Taking inspiration from Edward Capriolo, this project shows how to perform the rank() and dense_rank() functions within Hive, taking into account tied ranks. Also available is an implementation of first_value() and a UDTF of parse_key_val_tuple().
This project uses Maven. To build the software, simply use "mvn package".
To make the jar available on a temporary basis:
hive> add jar /home/paul/hive-udf-0.1-SNAPSHOT.jar;
To make the function available on a temporary basis:
hive> CREATE TEMPORARY FUNCTION rank AS 'com.cloudera.hive.examples.Rank';
The rank(), dense_rank() and first_value() functions take a minimum of one parameter - the column that is to be ranked / retrieved. Since the functions have no ability to sort data for themselves, we use a sub-query to appropriately distribute and sort data before passing to rank().

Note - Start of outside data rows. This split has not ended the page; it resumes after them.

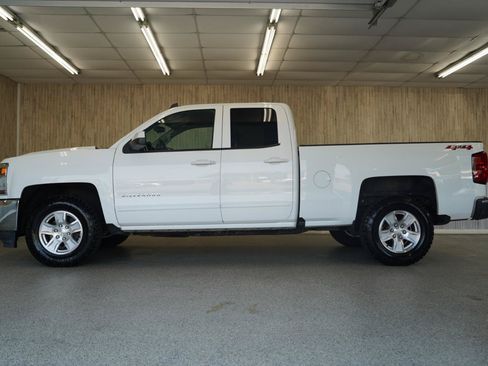 Used 2019 Chevrolet Silverado 1500 LT AWD/4WD image 5
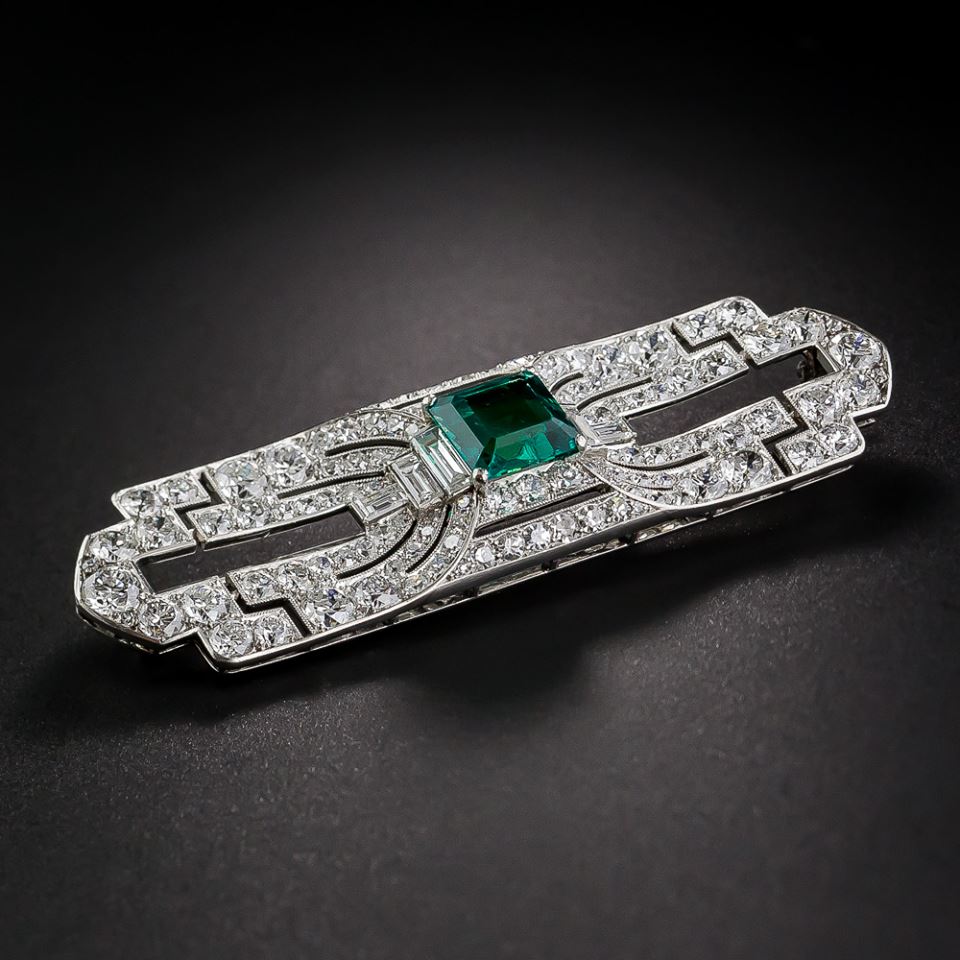 Art Deco Gota De Aceita Emerald Brooch.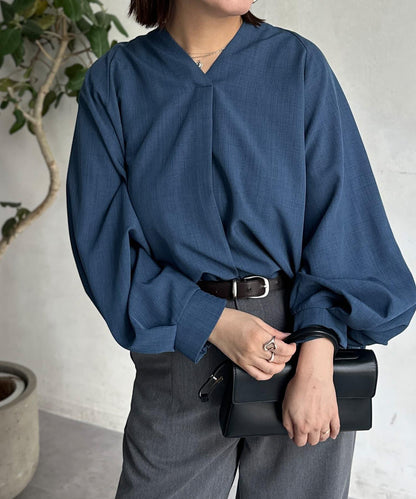 亞麻質感開叉領口襯衫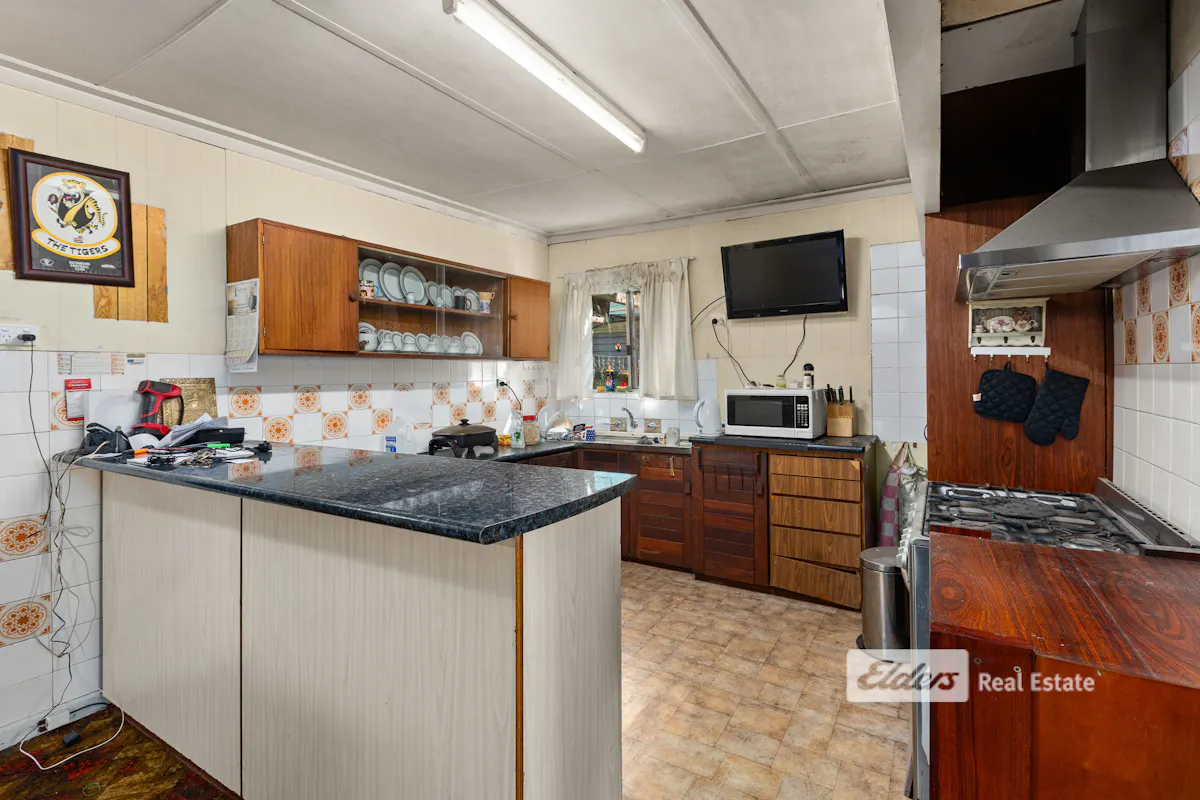 22 Clifton Street — photo 9 of 21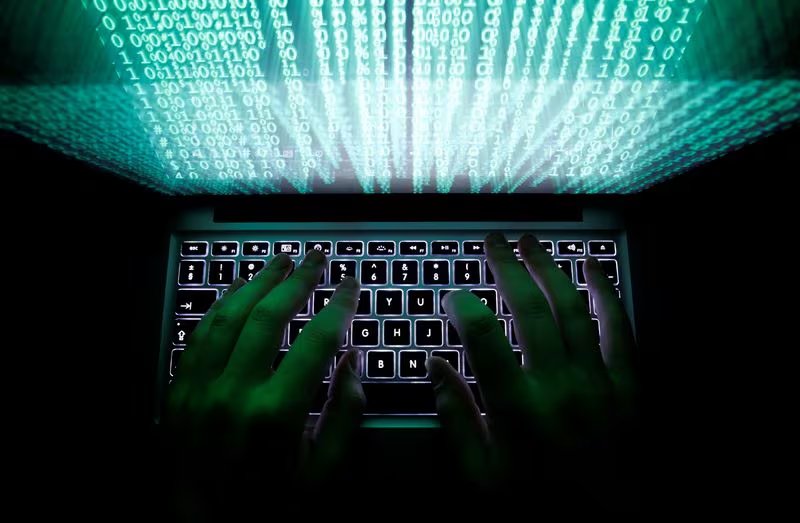 Con esos permisos, el robo de datos de los usuarios sería teóricamente posible. REUTERS/Kacper Pempel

For example, imagine we have a table such as the following:
select * from items;
item | category | price |
---|---|---|
Orange | Fruit | 0.30 |
Apple | Fruit | 0.25 |
Banana | Fruit | 0.75 |
Carrot | Veg | 0.20 |
Sprout | Veg | 1.75 |
Kiwi | Fruit | 0.30 |
To use the rank function, prepare the data with an inner query:
select item, category, price from items distribute by category sort by category, price;
Then wrap this in another query that applies the rank function:
select item, category, price, rank(price, category) from ( select item, category, price from items distribute by category sort by category, price) inner;
item | category | price | rank |
---|---|---|---|
Apple | Fruit | 0.25 | 1 |
Orange | Fruit | 0.30 | 2 |
Kiwi | Fruit | 0.30 | 2 |
Banana | Fruit | 0.75 | 4 |
Carrot | Veg | 0.20 | 1 |
Sprout | Veg | 1.75 | 2 |
Notice that rank() takes the price column as the first parameter, the rest of the parameters are used to determine the row groupings.

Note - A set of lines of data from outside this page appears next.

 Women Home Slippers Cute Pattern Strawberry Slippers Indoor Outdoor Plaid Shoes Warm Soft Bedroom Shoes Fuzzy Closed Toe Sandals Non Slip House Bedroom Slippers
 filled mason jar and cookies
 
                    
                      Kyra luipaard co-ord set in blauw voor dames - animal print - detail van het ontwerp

The parse_key_val_tuple() function is a UDTF that takes a minimum of 4 parameters. The input string to be parsed, the delimiter between all the fields, the separator between key and value pairs, and 1 to many Keys that you would like to extract. Note that the parameters are case sensitive.
See the following links for Hive UDTF usage instructions
Below are two sample queries that show the functions basic capabilities and perhaps illustrate the outcome of some edge cases:
Demo Setup
A one row table called 'dual' is used for selecting demo values statically for demo purposes only.
echo "X" > dummy.txt
hive
CREATE TABLE dual(dummy STRING);
LOAD DATA LOCAL INPATH 'dummy.txt' OVERWRITE INTO TABLE dual;
ADD JAR /full/path/to/local/jar/hive-udf-0.1-SNAPSHOT.jar;
CREATE TEMPORARY FUNCTION parse_key_val_tuple AS 'com.cloudera.hive.udf.functions.ParseKeyValueTuple';
Static Parameter Sample:
SELECT data.label, t.*
-- Static data from 'dummy' table for demo
FROM(
-- String to show many edge cases
SELECT 'edge' AS label, 'foo=bar&extra=extra=separator&&empty=&bad&unused=string' AS text FROM dual LIMIT 1
UNION ALL
-- Good string
SELECT 'good' AS label, 'foo=bar&extra=not-extra&&empty=not-empty&bad=not-bad' AS text FROM dual LIMIT 1
UNION ALL
-- Empty string
SELECT 'empty' AS label, '' AS text FROM dual LIMIT 1
UNION ALL
-- NULL string
SELECT 'null' AS label, NULL AS text FROM dual LIMIT 1
) data
LATERAL VIEW parse_key_val_tuple(text, '&', '=', 'foo', 'extra', 'empty', 'bad') t AS foo, extra, empty, bad;
Dynamic Parameter Sample:
SELECT t.*
-- Static data from 'dummy' table for demo
FROM(
-- type = person
SELECT 'greeting=Hello\;person=Mr. Smith' AS text, 'person' AS type FROM dual LIMIT 1
UNION ALL
-- type = thing
SELECT 'greeting=Hi\;thing=World' AS text, 'thing' AS type FROM dual LIMIT 1
) data
-- lookup name by type
LATERAL VIEW parse_key_val_tuple(text, '\;', '=', 'greeting', data.type) t AS greeting, name;